• _Problem to solve_:
Please print the entries below exactly, from the line with "Kemeja Koko Kurta" through the line with "Майка мужская хлопок", including both of those lines and leaving out all others.

• _Data listing_:

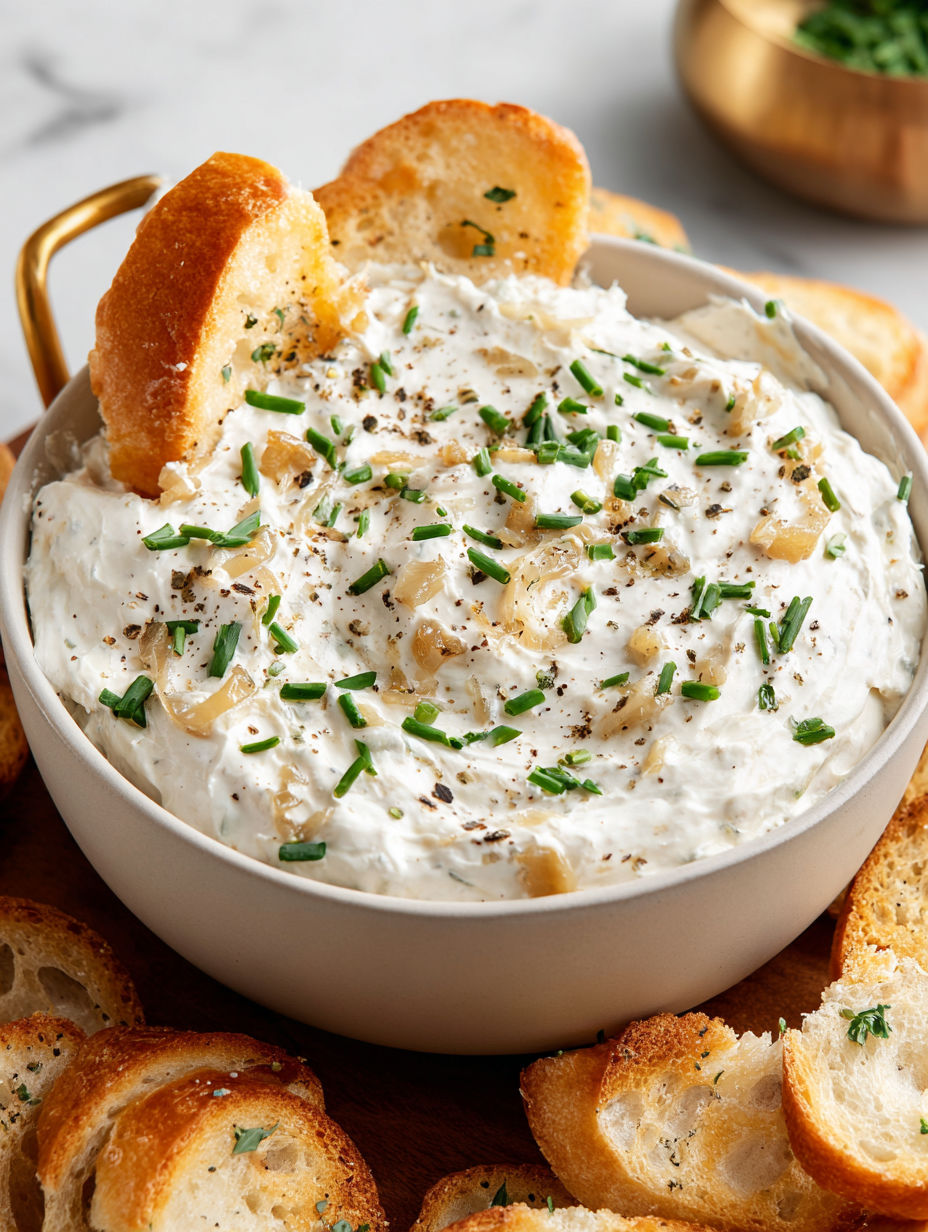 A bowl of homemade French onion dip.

---

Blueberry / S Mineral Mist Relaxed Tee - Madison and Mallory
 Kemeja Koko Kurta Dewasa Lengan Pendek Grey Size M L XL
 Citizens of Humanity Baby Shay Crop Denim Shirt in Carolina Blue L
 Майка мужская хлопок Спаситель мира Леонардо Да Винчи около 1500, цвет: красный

• _Written reply_:
 Kemeja Koko Kurta Dewasa Lengan Pendek Grey Size M L XL
 Citizens of Humanity Baby Shay Crop Denim Shirt in Carolina Blue L
 Майка мужская хлопок Спаситель мира Леонардо Да Винчи около 1500, цвет: красный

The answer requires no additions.